Ed Moser, a sound designer, technical director and all-around theater pro (he produced and designed sound for my recent staging of “Twelve Angry Men”…he’s also a friend), enlightens us with some insider observation relevant to Donald Trump’s recent denigration of a sound tech. It also reveals an unattractive side of an earlier GOP presidential candidate. Here is Ed’s Comment of the Day on the post, In Search Of A Tipping Point: Trump, The Microphone, And Thomas Dewey’s Ghost:
I have a friend who engineered the sound for a large church back when McCain was a candidate. He visited the church for a “town meeting”.
My friend locked all the unused gear away, and for the event distributed only freshly batteried hand held wireless mics for the event with screw on caps on the bottom. Such caps are specifically designed to prevent clumsy performers from accidentally touching the controls on the bottom of the mic– where one could turn the mic off, change the battery, or worst of all, change the frequency. Then color coded the mics with bright spike tape, so that while he was at the sound board he could instantly tell which mic/channel he was dealing with.
The plan was for McCain to give a speech, then take questions from the floor.
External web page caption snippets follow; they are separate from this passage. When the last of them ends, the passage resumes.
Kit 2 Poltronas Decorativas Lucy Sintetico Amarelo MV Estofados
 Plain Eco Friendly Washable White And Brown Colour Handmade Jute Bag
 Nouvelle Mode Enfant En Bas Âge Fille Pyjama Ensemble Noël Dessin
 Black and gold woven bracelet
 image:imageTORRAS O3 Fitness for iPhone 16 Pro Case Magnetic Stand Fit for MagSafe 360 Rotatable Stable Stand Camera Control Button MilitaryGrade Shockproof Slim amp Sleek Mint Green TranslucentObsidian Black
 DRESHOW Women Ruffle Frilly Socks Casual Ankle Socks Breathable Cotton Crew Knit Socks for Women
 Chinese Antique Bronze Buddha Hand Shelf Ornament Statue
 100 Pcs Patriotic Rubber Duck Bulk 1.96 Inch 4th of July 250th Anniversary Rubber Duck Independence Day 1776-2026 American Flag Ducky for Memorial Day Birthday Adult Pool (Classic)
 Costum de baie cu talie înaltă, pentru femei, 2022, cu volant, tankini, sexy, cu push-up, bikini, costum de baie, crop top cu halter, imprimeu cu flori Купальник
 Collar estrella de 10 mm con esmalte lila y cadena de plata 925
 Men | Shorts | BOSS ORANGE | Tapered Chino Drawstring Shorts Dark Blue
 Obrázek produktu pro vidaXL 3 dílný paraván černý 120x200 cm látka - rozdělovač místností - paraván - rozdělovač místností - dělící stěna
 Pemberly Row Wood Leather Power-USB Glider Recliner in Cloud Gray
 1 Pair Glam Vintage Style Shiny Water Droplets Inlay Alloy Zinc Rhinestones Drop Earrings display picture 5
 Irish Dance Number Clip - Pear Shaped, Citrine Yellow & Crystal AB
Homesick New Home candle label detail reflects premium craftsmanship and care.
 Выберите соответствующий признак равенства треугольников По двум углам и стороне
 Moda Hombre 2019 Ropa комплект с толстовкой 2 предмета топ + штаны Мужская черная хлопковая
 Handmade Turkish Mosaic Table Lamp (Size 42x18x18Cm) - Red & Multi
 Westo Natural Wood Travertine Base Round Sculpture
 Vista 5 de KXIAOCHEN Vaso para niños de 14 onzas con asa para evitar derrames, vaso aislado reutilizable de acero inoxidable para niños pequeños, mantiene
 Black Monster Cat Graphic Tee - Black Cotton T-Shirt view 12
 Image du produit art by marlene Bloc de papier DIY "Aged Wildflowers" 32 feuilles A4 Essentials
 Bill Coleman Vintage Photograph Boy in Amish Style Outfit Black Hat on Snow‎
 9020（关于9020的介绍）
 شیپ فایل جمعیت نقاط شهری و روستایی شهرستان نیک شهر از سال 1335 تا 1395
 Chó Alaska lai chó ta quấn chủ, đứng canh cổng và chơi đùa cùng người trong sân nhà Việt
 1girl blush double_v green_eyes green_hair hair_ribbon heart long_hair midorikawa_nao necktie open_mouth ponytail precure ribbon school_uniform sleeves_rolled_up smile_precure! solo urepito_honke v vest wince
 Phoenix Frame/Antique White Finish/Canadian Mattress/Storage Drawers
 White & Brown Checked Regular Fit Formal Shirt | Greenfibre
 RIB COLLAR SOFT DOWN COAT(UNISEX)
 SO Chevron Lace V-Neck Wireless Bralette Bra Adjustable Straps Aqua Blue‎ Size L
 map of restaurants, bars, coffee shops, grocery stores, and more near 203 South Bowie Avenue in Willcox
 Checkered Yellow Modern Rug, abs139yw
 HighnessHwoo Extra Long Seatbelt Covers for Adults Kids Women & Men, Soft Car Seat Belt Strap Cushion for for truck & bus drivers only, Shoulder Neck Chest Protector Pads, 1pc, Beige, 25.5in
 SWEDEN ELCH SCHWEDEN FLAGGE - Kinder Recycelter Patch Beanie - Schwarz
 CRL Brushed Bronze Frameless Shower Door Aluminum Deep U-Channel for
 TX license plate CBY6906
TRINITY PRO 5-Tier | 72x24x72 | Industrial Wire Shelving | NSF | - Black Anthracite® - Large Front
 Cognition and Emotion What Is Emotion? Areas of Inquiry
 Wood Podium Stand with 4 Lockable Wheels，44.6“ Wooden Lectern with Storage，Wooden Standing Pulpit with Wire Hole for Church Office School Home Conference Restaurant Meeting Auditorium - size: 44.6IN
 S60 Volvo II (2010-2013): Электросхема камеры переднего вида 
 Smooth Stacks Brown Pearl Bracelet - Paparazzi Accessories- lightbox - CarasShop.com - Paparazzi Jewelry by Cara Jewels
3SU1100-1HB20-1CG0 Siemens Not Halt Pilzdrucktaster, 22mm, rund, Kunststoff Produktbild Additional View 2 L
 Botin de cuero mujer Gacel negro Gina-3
Runners would carry one of three hand helds to the person with the query, so the question could be heard throughout the house. There was a fourth back up.
If all of this sounds pretty standard for people who know what they’re doing and have done many such events before: well, it is.
That evening, during the event, the question and answer session occurs. The first mic, it develops, is dead. A quick check reveals that ALL FOUR are dead. Irked at having to come the the edge of the stage and get close to an actual person to hear an actual question, or perhaps just trying to infuse humor at an awkward moment, McCain points to the back of the house, right at my friend, and says to the crowd, “Fire that guy!”
He gets a laugh. Except from my friend, of course.
Turns out the Secret Service removed all the batteries without telling anyone. And neatly re-spiked the spike tape. Evidently, they imagined the mics could be alternatively cabled or something– the point is unclear– but my friend did get a security speech about how we can’t allow batteried items around a candidate when we don’t know what they do.
I can tell you from sad experience, such things are almost NEVER the sound guy’s fault, though they may be his responsibility. Bad sound is usually generated by sound ignorant people stepping in front of the engineering for some “better” reason. That, or Someone Decided To Hire Their Nephew.
I think it’s _bad_ at best that Tump, who relies on his management skills, doesn’t understand even that much about teamwork with technicians. …. Of course, he lost my vote long ago.
Regarding Dewey, that mustache looked pretty good on Clark Gable. Anything would right? So doubtless, we could also say that Dewey had a problem in that he wasn’t exactly Clark Gable. My personal feeling is that Trump also has this problem, indeed, I’d have said that Trump’s hair problems dwarf Dewey’s, but…
There sure seem to be a lot of people responding to Trump’s “personal magnetism” and not much more.